Republicans hold a thin 52-48 Senate majority and may need some
Democratic support to win passage. But Democrats said the plan would
expand the federal deficit in order to deliver tax cuts to wealthy
Americans rather than the middle-class families that Trump and
Republicans say they are trying to help.
"If this framework is all about the middle class, then Trump Tower
is middle-class housing," said Senator Ron Wyden, the top Democrat
on the tax law-writing Senate Finance Committee.
Republican Kevin Brady, chairman of the tax-writing House of
Representatives Ways and Means Committee, said he expected tax
legislation to be passed by the end of this year.
The Committee for a Responsible Federal Budget, a Washington-based
policy group, estimated on Wednesday the plan contained about $5.8
trillion of total tax cuts over a decade and would have a net cost
of $2.2 trillion through 2027.
Analysts have warned huge tax cuts would balloon the deficit if
economic growth projected by Republicans to offset the costs fails
to materialize amid rising interest rates.
'PASS-THROUGH' RATE
The plan would set a new 25 percent tax rate for "pass-through"
businesses, which are usually small, private enterprises, such as
partnerships and sole proprietorships. They represent about 95
percent of all U.S. businesses.
Under current law, the profits of those companies "pass through"

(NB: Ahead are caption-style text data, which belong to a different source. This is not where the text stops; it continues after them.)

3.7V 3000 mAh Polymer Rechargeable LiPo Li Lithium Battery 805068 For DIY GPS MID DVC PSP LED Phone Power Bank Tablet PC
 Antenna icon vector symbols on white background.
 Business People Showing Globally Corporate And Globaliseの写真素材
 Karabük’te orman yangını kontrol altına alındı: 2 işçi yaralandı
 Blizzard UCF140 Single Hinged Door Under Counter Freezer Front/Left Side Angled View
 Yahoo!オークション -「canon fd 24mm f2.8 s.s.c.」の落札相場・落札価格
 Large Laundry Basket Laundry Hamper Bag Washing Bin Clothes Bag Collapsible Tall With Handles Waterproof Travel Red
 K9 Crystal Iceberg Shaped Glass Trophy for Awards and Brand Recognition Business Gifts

directly to their owners and are taxed as personal income, often at
the top 39.6 percent individual income rate.
Cutting that to 25 percent could mean big tax savings for
small-business owners, but also be vulnerable to abuse by other
individuals and companies, analysts said.
Republicans proposed eliminating some tax deductions. They did not
target the popular ones for mortgage interest and charitable giving,
but called for scrapping the one for state and local tax payments.
That could especially hurt people in high-tax states like California
and New York.
In a step to simplify tax returns, the plan would shrink the current
seven tax brackets to three: 12 percent, 25 percent and 35 percent.
That would raise the bottom tax rate on low-earning Americans to 12
percent from 10 percent, but analysts said other parts of the plan
would still mean a net tax cut.
(Reporting by David Morgan and Richard Cowan; Additional reporting
by Susan Heavey, Doina Chiacu and Amanda Becker; Writing by Will
Dunham and Kevin Drawbaugh; Editing by Alistair Bell and Peter
Cooney)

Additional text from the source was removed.